## ASSIGNMENT
In the listing below, find the line with "[レンタル] BELINDA DE" and the line with "Car accident scene on a busy Fresno roadway". Repeat those two lines and all lines between them exactly.

------------------------------------------------------------------------

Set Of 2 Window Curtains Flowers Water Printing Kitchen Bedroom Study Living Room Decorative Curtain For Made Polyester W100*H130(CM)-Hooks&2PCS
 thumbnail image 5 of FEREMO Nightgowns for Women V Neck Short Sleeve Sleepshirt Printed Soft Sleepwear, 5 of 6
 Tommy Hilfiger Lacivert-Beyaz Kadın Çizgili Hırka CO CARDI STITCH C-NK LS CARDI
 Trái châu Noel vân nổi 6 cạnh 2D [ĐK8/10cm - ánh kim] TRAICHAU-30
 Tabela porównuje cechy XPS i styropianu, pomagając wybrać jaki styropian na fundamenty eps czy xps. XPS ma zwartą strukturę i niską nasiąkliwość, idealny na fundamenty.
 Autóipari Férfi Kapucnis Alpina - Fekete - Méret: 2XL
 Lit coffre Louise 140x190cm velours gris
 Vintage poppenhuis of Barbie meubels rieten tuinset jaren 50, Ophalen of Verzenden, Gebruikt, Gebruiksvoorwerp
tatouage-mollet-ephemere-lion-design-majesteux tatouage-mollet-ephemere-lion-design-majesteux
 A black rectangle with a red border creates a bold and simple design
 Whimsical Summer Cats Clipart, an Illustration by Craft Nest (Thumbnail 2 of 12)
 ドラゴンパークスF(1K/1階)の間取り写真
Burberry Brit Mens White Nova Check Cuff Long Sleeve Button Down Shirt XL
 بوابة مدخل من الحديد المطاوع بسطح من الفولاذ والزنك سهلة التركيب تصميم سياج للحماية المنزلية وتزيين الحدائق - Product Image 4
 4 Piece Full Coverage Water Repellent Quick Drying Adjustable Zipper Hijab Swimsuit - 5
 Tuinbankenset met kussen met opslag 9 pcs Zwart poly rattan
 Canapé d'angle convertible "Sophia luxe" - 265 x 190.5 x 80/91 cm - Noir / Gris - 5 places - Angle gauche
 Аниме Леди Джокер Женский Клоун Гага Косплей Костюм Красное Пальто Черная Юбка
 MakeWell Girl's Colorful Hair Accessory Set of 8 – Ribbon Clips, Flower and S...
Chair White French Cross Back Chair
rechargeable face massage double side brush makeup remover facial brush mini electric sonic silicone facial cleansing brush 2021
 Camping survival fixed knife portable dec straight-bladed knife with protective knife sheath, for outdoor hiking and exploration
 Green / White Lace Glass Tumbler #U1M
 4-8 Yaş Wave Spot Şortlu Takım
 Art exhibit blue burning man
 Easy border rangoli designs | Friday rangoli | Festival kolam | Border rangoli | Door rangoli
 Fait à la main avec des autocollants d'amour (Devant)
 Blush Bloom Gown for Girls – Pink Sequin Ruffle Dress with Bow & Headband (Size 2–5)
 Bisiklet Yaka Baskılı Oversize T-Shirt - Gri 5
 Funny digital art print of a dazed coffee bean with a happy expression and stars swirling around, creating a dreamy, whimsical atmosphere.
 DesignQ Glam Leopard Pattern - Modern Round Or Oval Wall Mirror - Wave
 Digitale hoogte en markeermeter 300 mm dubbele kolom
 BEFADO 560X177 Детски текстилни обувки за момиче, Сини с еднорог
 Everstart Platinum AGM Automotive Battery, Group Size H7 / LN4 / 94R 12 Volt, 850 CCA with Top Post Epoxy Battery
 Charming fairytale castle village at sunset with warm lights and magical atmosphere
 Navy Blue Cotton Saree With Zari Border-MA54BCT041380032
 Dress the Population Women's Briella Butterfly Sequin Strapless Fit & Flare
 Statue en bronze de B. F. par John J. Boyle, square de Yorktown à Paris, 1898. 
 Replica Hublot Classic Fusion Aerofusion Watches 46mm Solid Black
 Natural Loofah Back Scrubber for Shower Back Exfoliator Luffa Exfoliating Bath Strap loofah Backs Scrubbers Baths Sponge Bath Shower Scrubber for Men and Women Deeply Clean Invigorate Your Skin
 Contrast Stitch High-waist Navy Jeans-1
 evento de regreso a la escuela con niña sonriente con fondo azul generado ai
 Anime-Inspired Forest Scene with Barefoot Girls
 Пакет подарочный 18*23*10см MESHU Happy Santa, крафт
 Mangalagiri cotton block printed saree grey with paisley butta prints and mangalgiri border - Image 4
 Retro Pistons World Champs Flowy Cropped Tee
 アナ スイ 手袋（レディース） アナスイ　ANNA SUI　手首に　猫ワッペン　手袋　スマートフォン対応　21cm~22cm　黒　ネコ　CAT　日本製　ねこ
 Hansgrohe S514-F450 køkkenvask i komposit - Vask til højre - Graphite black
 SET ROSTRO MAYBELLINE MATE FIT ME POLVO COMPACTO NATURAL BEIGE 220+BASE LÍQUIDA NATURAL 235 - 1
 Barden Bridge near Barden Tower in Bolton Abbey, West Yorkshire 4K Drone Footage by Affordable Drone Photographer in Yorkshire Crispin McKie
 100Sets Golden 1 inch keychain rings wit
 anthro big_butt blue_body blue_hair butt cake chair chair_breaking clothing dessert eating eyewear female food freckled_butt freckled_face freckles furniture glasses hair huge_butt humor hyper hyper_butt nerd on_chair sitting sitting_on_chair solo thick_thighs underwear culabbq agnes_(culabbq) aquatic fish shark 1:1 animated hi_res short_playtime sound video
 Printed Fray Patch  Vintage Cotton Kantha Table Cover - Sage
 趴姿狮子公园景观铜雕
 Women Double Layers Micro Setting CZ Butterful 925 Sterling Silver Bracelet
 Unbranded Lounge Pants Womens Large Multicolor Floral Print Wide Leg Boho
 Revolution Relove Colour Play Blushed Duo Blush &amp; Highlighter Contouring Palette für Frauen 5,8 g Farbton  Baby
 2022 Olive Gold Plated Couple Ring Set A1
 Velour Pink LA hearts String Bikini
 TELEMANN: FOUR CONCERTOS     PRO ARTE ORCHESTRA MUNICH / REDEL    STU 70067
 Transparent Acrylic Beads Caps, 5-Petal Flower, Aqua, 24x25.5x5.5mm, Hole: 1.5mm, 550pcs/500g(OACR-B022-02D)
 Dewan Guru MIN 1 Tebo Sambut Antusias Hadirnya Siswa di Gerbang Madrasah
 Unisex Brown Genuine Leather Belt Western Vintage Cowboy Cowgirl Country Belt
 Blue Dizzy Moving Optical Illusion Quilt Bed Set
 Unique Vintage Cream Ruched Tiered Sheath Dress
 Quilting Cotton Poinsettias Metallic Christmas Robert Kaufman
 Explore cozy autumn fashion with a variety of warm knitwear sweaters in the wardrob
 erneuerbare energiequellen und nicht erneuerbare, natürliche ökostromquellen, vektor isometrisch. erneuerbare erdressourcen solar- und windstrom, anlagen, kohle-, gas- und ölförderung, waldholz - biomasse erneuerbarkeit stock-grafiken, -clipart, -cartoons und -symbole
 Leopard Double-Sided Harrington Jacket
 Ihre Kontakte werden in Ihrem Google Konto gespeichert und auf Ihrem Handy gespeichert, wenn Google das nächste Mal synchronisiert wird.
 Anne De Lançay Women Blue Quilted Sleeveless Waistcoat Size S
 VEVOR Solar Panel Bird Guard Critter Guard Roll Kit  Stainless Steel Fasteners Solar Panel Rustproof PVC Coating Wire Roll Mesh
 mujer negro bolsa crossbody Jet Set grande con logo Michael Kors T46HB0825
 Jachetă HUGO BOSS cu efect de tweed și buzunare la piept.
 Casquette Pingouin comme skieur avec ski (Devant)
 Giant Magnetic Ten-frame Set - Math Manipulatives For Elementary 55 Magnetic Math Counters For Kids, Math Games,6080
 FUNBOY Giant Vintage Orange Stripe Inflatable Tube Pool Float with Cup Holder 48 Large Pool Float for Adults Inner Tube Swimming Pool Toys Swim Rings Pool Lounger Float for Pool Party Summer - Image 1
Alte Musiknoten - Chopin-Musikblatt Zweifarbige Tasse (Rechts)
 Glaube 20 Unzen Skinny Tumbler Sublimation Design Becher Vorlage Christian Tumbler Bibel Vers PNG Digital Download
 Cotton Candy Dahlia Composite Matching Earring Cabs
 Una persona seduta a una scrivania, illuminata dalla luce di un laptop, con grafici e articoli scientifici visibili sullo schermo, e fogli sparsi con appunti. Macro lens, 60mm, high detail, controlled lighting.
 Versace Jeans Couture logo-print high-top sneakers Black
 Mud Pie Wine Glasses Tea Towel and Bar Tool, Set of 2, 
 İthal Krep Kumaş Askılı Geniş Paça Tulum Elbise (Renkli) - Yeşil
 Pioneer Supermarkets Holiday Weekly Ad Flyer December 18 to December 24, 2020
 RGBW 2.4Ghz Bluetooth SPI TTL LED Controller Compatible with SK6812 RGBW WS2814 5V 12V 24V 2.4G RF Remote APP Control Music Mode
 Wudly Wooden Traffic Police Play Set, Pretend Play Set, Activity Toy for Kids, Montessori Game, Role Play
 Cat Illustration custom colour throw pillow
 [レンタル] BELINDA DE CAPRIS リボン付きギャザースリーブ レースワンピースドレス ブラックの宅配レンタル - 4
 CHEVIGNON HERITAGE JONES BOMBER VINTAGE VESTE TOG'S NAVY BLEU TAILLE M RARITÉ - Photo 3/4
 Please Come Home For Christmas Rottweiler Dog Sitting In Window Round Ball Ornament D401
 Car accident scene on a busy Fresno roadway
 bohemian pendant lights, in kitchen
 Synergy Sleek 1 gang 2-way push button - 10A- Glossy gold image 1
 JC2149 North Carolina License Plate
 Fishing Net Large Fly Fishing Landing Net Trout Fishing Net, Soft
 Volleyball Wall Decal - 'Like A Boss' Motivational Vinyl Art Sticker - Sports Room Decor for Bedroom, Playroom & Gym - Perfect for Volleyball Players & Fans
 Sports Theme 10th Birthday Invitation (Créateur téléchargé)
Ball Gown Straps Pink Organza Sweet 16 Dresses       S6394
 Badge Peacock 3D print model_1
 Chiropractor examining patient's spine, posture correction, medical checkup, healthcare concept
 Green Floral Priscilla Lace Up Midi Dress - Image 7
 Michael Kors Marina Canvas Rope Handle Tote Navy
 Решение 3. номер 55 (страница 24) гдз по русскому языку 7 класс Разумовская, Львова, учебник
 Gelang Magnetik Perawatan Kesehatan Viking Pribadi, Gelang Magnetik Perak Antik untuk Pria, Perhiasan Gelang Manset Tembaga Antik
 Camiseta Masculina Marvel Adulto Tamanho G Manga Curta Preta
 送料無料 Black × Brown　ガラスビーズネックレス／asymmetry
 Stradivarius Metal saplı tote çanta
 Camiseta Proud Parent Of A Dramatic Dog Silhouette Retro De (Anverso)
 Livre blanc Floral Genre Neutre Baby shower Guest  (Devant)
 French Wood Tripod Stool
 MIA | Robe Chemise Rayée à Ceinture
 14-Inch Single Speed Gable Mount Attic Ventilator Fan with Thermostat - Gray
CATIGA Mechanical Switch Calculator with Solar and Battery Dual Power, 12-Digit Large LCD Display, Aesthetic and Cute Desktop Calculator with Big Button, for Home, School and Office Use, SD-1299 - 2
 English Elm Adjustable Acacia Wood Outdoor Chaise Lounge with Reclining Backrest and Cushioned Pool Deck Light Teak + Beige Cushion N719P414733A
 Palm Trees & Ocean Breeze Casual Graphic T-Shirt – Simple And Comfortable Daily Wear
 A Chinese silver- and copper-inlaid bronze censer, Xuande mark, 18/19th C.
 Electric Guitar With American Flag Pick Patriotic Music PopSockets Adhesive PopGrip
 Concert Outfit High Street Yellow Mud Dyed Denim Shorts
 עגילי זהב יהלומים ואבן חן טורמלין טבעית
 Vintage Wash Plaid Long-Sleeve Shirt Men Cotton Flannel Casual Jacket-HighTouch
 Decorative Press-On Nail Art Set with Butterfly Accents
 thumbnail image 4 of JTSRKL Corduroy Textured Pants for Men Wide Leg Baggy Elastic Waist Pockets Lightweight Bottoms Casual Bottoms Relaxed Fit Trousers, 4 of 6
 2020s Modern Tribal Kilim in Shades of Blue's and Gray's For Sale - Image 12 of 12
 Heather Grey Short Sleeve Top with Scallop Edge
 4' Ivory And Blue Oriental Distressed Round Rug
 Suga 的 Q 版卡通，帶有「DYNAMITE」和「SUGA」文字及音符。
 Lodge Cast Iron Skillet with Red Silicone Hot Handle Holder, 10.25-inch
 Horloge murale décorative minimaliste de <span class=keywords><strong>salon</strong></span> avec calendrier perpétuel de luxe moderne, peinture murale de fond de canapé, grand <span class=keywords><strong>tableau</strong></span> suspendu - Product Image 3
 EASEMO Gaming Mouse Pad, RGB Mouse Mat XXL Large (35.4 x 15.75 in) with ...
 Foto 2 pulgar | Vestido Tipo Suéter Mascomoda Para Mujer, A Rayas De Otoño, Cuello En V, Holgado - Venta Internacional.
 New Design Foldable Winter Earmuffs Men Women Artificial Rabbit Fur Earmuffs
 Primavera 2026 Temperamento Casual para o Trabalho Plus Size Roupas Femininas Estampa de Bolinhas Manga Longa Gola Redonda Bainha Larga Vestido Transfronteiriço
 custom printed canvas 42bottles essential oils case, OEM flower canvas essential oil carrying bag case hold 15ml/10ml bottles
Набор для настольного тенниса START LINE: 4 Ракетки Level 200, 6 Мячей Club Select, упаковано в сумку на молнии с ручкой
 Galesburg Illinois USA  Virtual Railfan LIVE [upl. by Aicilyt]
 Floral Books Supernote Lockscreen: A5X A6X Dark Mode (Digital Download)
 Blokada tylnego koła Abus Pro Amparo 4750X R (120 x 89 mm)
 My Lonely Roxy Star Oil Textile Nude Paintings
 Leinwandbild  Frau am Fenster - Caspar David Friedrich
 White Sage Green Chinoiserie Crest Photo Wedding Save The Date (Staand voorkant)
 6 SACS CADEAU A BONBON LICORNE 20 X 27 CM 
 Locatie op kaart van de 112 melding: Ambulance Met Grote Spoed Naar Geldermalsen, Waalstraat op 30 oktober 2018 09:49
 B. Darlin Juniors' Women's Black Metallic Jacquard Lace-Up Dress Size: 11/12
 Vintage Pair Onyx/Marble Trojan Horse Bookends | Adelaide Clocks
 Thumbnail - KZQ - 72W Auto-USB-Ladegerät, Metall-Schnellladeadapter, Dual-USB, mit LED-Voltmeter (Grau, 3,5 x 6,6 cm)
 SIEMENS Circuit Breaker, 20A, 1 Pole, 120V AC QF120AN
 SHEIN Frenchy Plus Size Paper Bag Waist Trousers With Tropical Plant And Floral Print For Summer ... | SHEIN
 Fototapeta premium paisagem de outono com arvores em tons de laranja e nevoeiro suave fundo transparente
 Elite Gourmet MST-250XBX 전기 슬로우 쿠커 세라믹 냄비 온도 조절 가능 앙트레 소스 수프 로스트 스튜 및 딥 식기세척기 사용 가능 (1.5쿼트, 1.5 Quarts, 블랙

------------------------------------------------------------------------

## SOLUTION TO THE PROBLEM
 [レンタル] BELINDA DE CAPRIS リボン付きギャザースリーブ レースワンピースドレス ブラックの宅配レンタル - 4
 CHEVIGNON HERITAGE JONES BOMBER VINTAGE VESTE TOG'S NAVY BLEU TAILLE M RARITÉ - Photo 3/4
 Please Come Home For Christmas Rottweiler Dog Sitting In Window Round Ball Ornament D401
 Car accident scene on a busy Fresno roadway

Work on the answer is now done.